Para mí, Antonio es familia. Me ha llamado por teléfono para abroncarme por alguna estupidez que estaba haciendo con mi vida, se ha leído todos mis manuscritos con una paciencia envidiable, ha dado el visto bueno —y malo— a mis novios, se ha metido con mi ropa y ha aceptado, como sólo lo hacen los familiares queridos, todos mis caprichos, vaivenes, salidas de tono e inquietudes durante los casi veinte años que lo conozco. También tiene una relación divina con mi familia carnal. Le disgustó darse cuenta de que no era «amante», como había creído, sino «amada», porque le pareció que lo iba a sufrir, y que lo sufriría por las mismas razones que él mismo lo sufría. Probablemente, como siempre, tenga razón.
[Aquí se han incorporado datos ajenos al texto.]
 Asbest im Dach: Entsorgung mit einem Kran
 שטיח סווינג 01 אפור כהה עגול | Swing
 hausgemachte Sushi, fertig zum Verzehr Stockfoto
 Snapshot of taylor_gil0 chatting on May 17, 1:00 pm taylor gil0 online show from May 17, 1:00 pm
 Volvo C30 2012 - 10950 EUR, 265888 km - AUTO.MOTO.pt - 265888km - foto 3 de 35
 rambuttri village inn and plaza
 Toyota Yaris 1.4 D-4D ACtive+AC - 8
En una ocasión me llamó por teléfono muy enfadado. Yo acababa de salir de una tienda donde trabajaba doblando camisetas y estaba cansadísima, por lo que me costó entender lo que sucedía. Me había estado llamando todo el día y, cada vez, se lo cogía un señor. Pensaba que le estaba tomando el pelo, pero lo que probablemente había sucedido era que estaba marcando un número viejo que ya no usaba hacía años, y que él no había borrado; se lo habrían dado a otra persona. Todavía me muero de la risa cada vez que pienso en aquel pobre hombre que pasaría toda una mañana recibiendo llamadas, cada vez más cabreadas, de un señor que decía ser Antonio Gala. Al final, según él, incluso charlaron un poco. Me lo creo porque lo veo capaz de mantener una conversación con cualquier tipo de persona. Desde que lo conozco, he visto en ese rasgo el mayor signo de inteligencia. En el hecho de que le importase bien poco la imagen de sí mismo que perduraba, si conseguía que la Fundación funcionase, hay más generosidad de la que conocerán en su vida muchos de los que todavía se meten con él a día de hoy, cuando está retirado, tiene noventa y no se va a molestar en responder.
También tiene defectos, claro, como todo el mundo, aunque exista ahora un empeño antinatural en que finjamos que no, pero no sé si alguna vez me interesó la gente impoluta. También Antonio me dijo que si eran demasiado buenos para ser ciertos es que no lo eran, aplicando a las personas el mismo criterio que aplicase mi abuela con las situaciones y en idénticos términos. De las aguas mansas líbreme Dios, que de las turbulentas ya me libro yo (si fuera necesario). Tiene defectos, pero no me importan ni pienso hablar de ellos. Sé cómo íntimamente molesta saber que están ahí, y que él nunca me rechazaría por los míos. Antonio es una de mis relaciones más intensas y duraderas. Siempre ha estado, en lo bueno y en lo malo, desde que me crucé en su camino no sé muy bien por qué; porque soy afortunada, sin duda.
Está, y estará para siempre, en lo que de bueno haga en la vida, porque supo sembrar muy bien desde aquel flechazo primero, ese primer día de feria del libro: nunca ha permitido que se cierre la herida de la que brota todo y cómo lo agradezco. Supongo que, al fin y al cabo, eso es el amor.